Control flow
Table of Contents
Conditionals
Often when we're coding we want to control the flow of our actions. This can be done by setting actions to occur only if a condition or a set of conditions are met. Alternatively, we can also set an action to occur a particular number of times.
There are several ways you can control flow in R. For conditional statements, the most commonly used approaches are the constructs:
# if
if (condition is true) {
perform action
}
# if ... else
if (condition is true) {
perform action
} else { # that is, if the condition is false,
perform alternative action
}
Say, for example, that we want R to print a message if a variable x
has a particular value:
# sample a random number from a Poisson distribution
# with a mean (lambda) of 8
x <- rpois(1, lambda=8)
if (x >= 10) {
print("x is greater than or equal to 10")
}
x
[1] 8
Note you may not get the same output as your neighbour because you may be sampling different random numbers from the same distribution.
Let's set a seed so that we all generate the same 'pseudo-random' number, and then print more information:
x <- rpois(1, lambda=8)
if (x >= 10) {
print("x is greater than or equal to 10")
} else if (x > 5) {
print("x is greater than 5")
} else {
print("x is less than 5")
}
[1] "x is greater than 5"
In the above case, the function rpois
generates a random number following a Poisson distribution with a mean (i.e. lambda) of 8. The function set.seed
guarantees that all machines will generate the exact same 'pseudo-random' number (more about pseudo-random numbers).
So if we set.seed(10)
, we see that x
takes the value 8. You should get the exact same number.
Important: when R evaluates the condition inside if
statements, it is
looking for a logical element, i.e., TRUE
or FALSE
. This can cause some
headaches for beginners. For example:
x <- 4 == 3
if (x) {
"4 equals 3"
}
As we can see, the message was not printed because the vector x is FALSE
x <- 4 == 3
x
[1] FALSE
Did anyone get a warning message like this?

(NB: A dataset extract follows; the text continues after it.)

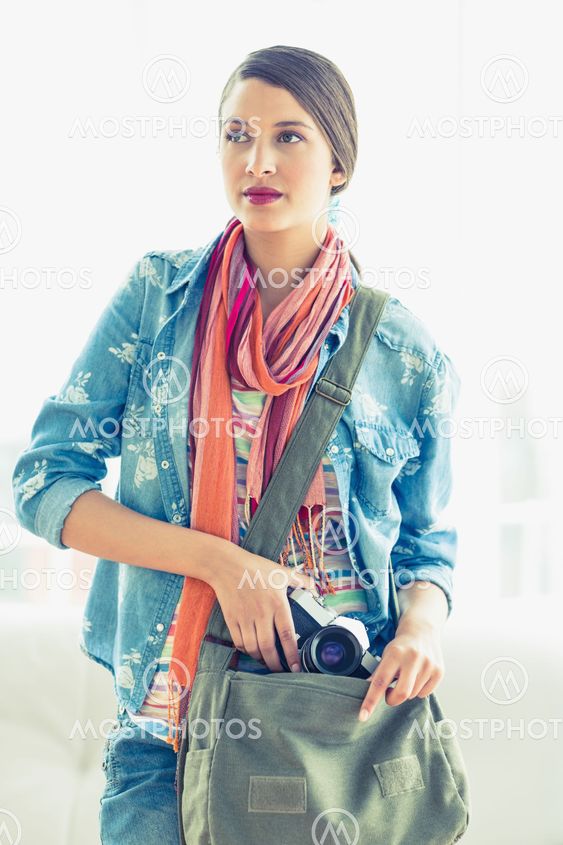Young thinking woman taking camera from her bag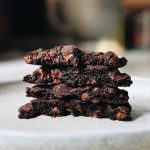 Gooey chocolate cookies stacked together.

Warning in if (titanic$Age == 100) {: the condition has length > 1 and only
the first element will be used
If your condition evaluates to a vector with more than one logical element,
the function if
will still run, but will only evaluate the condition in the first
element. Here you need to make sure your condition is of length 1.
Repeating operations
If you want to iterate over
a set of values, when the order of iteration is important, and perform the
same operation on each, a for
loop will do the job.
We saw for
loops in the shell lessons earlier. This is the most
flexible of looping operations, but therefore also the hardest to use
correctly. Avoid using for
loops unless the order of iteration is important:
i.e. the calculation at each iteration depends on the results of previous iterations.
The basic structure of a for
loop is:
for(iterator in set of values){
do a thing
}
For example:
for(i in 1:10){
print(i)
}
[1] 1
[1] 2
[1] 3
[1] 4
[1] 5
[1] 6
[1] 7
[1] 8
[1] 9
[1] 10
The 1:10
bit creates a vector on the fly; you can iterate
over any other vector as well.
We can use a for
loop nested within another for
loop to iterate over two things at
once.
for (i in 1:5){
for(j in c('a', 'b', 'c', 'd', 'e')){
print(paste(i,j))
}
}
[1] "1 a"
[1] "1 b"
[1] "1 c"
[1] "1 d"
[1] "1 e"
[1] "2 a"
[1] "2 b"
[1] "2 c"
[1] "2 d"
[1] "2 e"
[1] "3 a"
[1] "3 b"
[1] "3 c"
[1] "3 d"
[1] "3 e"
[1] "4 a"
[1] "4 b"
[1] "4 c"
[1] "4 d"
[1] "4 e"
[1] "5 a"
[1] "5 b"
[1] "5 c"
[1] "5 d"
[1] "5 e"
Rather than printing the results, we could write the loop output to a new object.
output_vector <- c()
for (i in 1:5){
for(j in c('a', 'b', 'c', 'd', 'e')){
temp_output <- paste(i, j)
output_vector <- c(output_vector, temp_output)
}
}
output_vector
[1] "1 a" "1 b" "1 c" "1 d" "1 e" "2 a" "2 b" "2 c" "2 d" "2 e" "3 a"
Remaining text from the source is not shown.